O ministro fez um resumo do programa de concessões do governo. Lembrou que os leilões de estradas em 2016 somam R$ 31,2 bilhões e que os estudos começam agora. E há ainda R$ 16 bilhões mapeados em investimentos em rodovias que começam já no segundo semestre deste ano. Também defendeu o novo esquema de concessão, que segundo ele leva de nove a 12 meses. “É um procedimento que leva tempo, mas é necessário para ter um bom projeto de investimento, que seja viável”, comentou.

O esquema básico que o ministro mostrou estabelece que, no segundo trimestre deste ano, sejam lançados os pedidos de manifestação de interesse. Depois, no quarto trimestre, serão concluídos esses estudos. A análise e aprovação pelo Tribunal de Contas da União (TCU) é esperada para o primeiro trimestre de 2016, e, na sequência, nesse mesmo trimestre, já seriam realizados alguns leilões. “Vai vencer a licitação quem apresentar os melhores projetos”.

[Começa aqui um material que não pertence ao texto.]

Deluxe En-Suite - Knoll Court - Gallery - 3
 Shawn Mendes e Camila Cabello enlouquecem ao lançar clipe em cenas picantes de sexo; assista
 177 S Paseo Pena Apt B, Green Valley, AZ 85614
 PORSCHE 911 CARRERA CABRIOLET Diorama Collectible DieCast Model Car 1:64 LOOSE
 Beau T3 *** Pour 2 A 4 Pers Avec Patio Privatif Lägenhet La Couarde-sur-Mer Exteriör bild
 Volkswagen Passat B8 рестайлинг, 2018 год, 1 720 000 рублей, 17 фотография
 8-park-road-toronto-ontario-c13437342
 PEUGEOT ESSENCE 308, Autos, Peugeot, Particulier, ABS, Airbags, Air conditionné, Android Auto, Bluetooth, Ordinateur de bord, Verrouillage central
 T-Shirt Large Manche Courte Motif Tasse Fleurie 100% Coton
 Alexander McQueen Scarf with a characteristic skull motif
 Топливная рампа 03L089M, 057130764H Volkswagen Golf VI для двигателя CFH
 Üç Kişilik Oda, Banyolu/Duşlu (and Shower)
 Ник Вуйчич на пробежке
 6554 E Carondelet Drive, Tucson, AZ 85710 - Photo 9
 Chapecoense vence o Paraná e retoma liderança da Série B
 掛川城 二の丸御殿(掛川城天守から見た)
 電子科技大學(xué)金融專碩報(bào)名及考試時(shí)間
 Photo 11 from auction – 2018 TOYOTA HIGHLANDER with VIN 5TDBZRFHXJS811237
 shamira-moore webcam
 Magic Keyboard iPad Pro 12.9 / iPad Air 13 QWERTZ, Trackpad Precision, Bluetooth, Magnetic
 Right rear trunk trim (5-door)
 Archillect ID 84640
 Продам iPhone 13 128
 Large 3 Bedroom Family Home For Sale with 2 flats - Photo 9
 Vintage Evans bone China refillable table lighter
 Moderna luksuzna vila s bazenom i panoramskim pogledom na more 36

Barbosa também defendeu o projeto da ferrovia transoceânica, julgada por muitos analistas como inviável. Segundo ele, a ferrovia pode ser licitada em etapas. “Teremos os custos traçados da bioceânica até maio de 2016.” Em relação aos aeroportos, ele citou o planejamento de criar novos hubs regionais no nordeste e a anuência – pelo governo federal – para que administrações locais concedam aeroportos menores. Até agora já foram sete anuências e mais devem ser liberadas. “São investimentos com menor capex, mas bem viáveis”, afirmou.